17. The method of claim 16, wherein said effective aperture
decreases causes a flow velocity of the drilling fluid to increase
along the upward flow of the drilling fluid.
18. The method of claim 16, wherein the outer blade surface is in
close contact with a side wall of the borehole.
Description
CROSS REFERENCE TO RELATED APPLICATIONS
This is a National stage application of International application
No. PCT/EP2018/067356, filed 28 Jun. 2018, which claims priority of
European application No. 17179027.2 filed 30 Jun. 2017.
FIELD OF THE INVENTION
In one aspect, the present invention relates to a rotary steerable
drill string for directional drilling a borehole in an earth
formation.
BACKGROUND OF THE INVENTION
There is a significant interest in the oil and gas drilling
industry in rotary steerable drilling systems that allow for
directional drilling. Various systems and concepts have been
developed to accomplish directional drilling.
US patent application publication US 2016/0084011 A1 describes
systems and methods that accomplish deviated drilling by diverting
circulating drilling fluid in a geostationary manner within the
drill string, to selectively provide more drilling fluid to
drilling fluid nozzles at a selected azimuthal segment around a
predetermined geostationary azimuth compared to other drilling
fluid nozzles that are not in said selected azimuthal segment. In
such systems and methods, a drill string rotates in an azimuthal
direction about a drill string longitudinal axis. A drill bit is
connected to a lower end of the drill string in a rotation-locked
configuration to rotate in unison with the drill string about the
drill string longitudinal axis. Drilling fluid is circulated from
an upper end of the drill string to the lower end of the drill
string via a drilling fluid passage within the drill string,
whereby a flow diverter is configured in a lower end of the drill
string in the drilling fluid passage, which flow diverter is
configured rotatable about the drill string longitudinal axis
relative to the drill string. The flow diverter can direct the
drilling fluid from the drilling fluid passage into an azimuth
segment which is stationary relative to the flow diverter. As a
result, the drilling fluid is expelled more through the nozzle(s)

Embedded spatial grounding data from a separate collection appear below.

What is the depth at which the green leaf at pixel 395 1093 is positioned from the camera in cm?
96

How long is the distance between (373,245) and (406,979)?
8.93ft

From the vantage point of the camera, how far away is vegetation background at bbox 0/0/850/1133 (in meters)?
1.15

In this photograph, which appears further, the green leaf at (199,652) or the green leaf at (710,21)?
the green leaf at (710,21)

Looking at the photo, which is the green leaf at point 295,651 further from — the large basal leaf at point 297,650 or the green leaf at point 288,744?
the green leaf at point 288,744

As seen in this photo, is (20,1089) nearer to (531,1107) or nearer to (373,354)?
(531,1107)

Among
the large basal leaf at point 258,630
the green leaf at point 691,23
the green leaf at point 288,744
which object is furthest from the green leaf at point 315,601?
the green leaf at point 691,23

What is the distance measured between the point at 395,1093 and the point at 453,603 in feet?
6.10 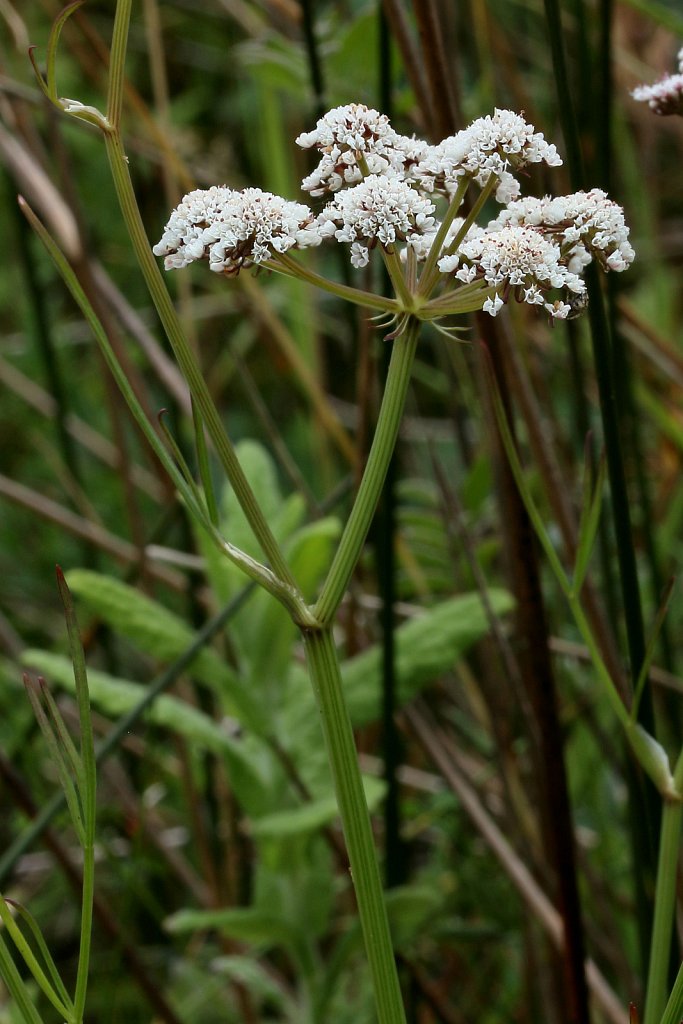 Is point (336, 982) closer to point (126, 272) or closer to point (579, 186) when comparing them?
point (579, 186)

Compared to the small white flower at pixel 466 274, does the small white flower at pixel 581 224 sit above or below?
above

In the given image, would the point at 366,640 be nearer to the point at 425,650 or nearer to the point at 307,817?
the point at 425,650

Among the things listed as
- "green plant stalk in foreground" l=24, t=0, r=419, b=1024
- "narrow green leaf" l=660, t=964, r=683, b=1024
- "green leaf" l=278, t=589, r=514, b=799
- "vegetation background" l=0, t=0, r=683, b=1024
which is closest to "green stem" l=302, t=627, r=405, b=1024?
"green plant stalk in foreground" l=24, t=0, r=419, b=1024

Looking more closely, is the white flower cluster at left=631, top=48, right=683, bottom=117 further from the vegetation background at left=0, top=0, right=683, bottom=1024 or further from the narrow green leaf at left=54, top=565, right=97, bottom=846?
the narrow green leaf at left=54, top=565, right=97, bottom=846

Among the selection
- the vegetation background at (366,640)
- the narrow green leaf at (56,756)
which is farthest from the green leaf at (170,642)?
the narrow green leaf at (56,756)

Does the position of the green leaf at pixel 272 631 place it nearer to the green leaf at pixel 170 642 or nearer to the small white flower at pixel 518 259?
the green leaf at pixel 170 642

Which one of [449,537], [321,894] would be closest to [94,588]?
[321,894] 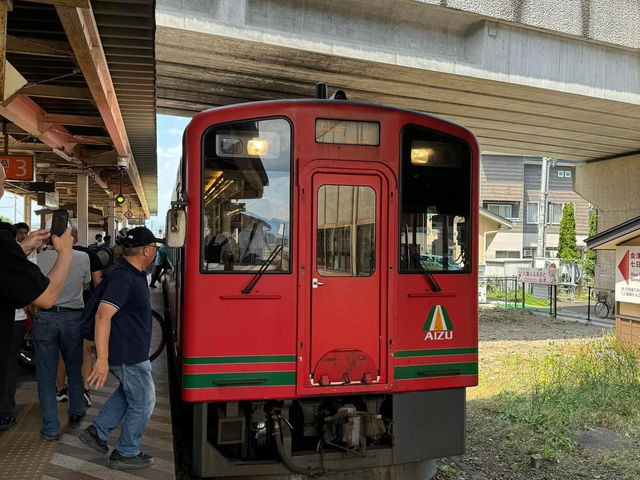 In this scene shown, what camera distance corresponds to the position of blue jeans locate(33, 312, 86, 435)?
460cm

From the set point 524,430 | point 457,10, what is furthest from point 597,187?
point 524,430

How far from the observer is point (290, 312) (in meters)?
4.41

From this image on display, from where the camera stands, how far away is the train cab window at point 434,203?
4754mm

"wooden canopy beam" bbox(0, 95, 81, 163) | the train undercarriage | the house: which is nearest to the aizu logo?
the train undercarriage

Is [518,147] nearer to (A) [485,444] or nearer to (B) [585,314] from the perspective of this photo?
(B) [585,314]

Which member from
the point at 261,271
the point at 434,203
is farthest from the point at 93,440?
the point at 434,203

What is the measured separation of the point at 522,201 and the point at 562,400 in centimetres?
2708

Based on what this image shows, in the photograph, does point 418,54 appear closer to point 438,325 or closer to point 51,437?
point 438,325

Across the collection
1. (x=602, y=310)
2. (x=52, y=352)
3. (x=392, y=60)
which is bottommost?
(x=602, y=310)

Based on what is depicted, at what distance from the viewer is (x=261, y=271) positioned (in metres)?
4.39

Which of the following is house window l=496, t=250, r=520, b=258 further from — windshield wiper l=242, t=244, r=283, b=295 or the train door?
windshield wiper l=242, t=244, r=283, b=295

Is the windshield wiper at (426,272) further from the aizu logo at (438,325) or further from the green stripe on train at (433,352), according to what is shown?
the green stripe on train at (433,352)

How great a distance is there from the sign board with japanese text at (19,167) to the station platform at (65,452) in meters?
5.45

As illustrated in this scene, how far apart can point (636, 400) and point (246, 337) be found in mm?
5738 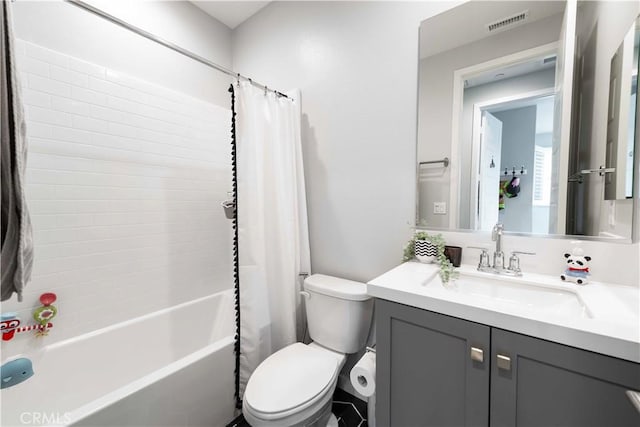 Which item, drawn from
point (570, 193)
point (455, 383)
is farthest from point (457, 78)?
point (455, 383)

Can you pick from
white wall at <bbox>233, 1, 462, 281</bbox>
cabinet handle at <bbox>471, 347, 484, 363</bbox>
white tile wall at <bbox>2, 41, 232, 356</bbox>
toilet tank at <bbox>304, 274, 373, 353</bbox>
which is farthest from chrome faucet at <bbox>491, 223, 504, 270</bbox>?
white tile wall at <bbox>2, 41, 232, 356</bbox>

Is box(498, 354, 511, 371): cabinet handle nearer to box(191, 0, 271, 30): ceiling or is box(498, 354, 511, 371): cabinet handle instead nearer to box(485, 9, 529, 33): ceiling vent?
box(485, 9, 529, 33): ceiling vent

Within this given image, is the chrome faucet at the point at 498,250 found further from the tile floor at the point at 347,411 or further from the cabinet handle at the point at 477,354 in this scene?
the tile floor at the point at 347,411

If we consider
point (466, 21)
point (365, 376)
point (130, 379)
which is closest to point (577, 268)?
point (365, 376)

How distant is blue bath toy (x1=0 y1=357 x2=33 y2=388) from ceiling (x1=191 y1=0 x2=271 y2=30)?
2.46 metres

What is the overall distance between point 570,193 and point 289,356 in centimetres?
149

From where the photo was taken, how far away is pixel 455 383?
86 centimetres

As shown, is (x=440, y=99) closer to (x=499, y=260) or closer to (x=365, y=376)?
(x=499, y=260)

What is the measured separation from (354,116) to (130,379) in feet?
6.94

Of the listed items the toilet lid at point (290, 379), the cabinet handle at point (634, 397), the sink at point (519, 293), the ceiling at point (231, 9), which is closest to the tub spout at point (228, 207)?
the toilet lid at point (290, 379)

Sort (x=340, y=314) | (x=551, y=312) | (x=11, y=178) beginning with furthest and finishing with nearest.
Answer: (x=340, y=314), (x=551, y=312), (x=11, y=178)

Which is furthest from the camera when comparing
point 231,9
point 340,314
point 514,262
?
point 231,9

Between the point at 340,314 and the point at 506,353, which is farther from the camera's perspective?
the point at 340,314

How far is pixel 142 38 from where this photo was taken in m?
1.77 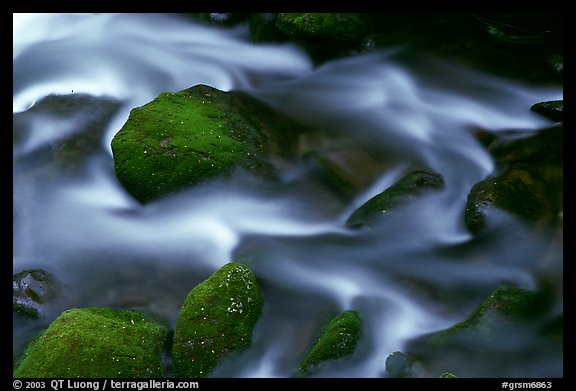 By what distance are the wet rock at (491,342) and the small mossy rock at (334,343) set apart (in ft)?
2.52

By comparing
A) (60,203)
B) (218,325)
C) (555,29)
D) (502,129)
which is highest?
(555,29)

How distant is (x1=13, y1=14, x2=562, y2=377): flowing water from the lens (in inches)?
332

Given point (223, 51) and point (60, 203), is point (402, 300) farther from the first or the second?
point (223, 51)

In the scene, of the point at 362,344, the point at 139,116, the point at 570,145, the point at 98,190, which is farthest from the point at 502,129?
the point at 98,190

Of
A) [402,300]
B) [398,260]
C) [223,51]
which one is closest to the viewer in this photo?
[402,300]

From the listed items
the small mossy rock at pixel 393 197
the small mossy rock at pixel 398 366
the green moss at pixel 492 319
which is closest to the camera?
the small mossy rock at pixel 398 366

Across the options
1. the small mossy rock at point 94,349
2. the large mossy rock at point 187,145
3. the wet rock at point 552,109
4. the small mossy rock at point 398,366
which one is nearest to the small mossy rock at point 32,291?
the small mossy rock at point 94,349

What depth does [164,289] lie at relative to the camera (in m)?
8.77

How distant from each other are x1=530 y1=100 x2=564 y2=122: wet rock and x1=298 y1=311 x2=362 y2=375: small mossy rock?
6.03m

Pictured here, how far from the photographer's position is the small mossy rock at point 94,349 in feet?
23.6

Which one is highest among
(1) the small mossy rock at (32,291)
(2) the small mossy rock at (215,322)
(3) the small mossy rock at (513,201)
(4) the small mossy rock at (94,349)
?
(3) the small mossy rock at (513,201)

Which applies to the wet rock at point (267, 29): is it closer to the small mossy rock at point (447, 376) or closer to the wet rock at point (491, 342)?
the wet rock at point (491, 342)

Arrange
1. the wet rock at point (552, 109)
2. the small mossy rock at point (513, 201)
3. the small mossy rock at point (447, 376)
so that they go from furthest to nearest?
the wet rock at point (552, 109), the small mossy rock at point (513, 201), the small mossy rock at point (447, 376) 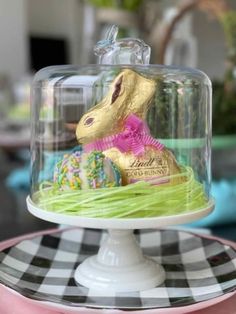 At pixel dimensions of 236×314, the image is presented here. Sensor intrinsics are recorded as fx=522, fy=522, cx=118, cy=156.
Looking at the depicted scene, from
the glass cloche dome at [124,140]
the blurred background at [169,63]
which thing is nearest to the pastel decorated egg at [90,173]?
the glass cloche dome at [124,140]

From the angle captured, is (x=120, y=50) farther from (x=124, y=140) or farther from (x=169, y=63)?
(x=169, y=63)

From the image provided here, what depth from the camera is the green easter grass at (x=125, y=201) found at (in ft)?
1.17

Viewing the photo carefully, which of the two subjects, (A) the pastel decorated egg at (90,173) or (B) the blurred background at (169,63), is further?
(B) the blurred background at (169,63)

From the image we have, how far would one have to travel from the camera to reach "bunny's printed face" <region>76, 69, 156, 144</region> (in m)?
0.38

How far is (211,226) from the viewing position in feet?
2.05

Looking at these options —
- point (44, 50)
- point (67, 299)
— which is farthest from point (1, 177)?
point (44, 50)

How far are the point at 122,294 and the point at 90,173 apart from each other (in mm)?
88

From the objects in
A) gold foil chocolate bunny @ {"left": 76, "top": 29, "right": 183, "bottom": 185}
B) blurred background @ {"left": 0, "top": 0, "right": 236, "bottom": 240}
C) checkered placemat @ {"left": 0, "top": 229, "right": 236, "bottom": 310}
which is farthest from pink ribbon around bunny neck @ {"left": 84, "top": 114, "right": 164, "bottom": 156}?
blurred background @ {"left": 0, "top": 0, "right": 236, "bottom": 240}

that by rotation of the drill string and drill bit move through the
azimuth segment than through nozzles that are on an opposing side.
This creates an underpressure resulting in a curve in the
trajectory of the borehole being drilled. For drilling in a
straight direction, the flow diverter can be allowed to rotate
relative to the surrounding formation, and thus flush each side of
the borehole.
SUMMARY OF THE INVENTION
The invention provides rotary steerable drill string,
comprising:
a drill string rotatable in an azimuthal direction about a drill
string longitudinal axis;
a drill bit connected to a lower end of the drill string in a
rotation-locked configuration to rotate in unison with the drill
string about the drill string longitudinal axis;
a drilling fluid passage within the drill string, to pass a
drilling fluid from an upper end of the drill string to the lower
end of the drill string via the drilling fluid passage;
a flow diverter configured in a lower end of the drill string in
the drilling fluid passage, which flow diverter is configured
rotatable about the drill string longitudinal axis relative to the
drill string, to preferentially direct the drilling fluid from the
drilling fluid passage into an azimuth segment which is stationary
relative to the flow diverter. The drill bit has a base surface
facing in a down-facing direction along the longitudinal axis, and
a barrel surface circumferencing the longitudinal axis and facing
radially outward perpendicular to the longitudinal axis. The drill
bit further comprises at least two main blades protruding from the
base surface and from the barrel surface, each of the two main
blades having a leading face facing the azimuthal rotation
direction and a trailing face looking away from the azimuthal
rotation direction and an outer blade surface bridging the leading
face and the trailing face, and a plurality of fixed cutter
elements mounted on at least the leading face of each of the two
main blades. Each sector of the bit face defined by and bound
between two adjacent main blades is provided with at least one
drilling fluid nozzle which co-rotates with the drill bit.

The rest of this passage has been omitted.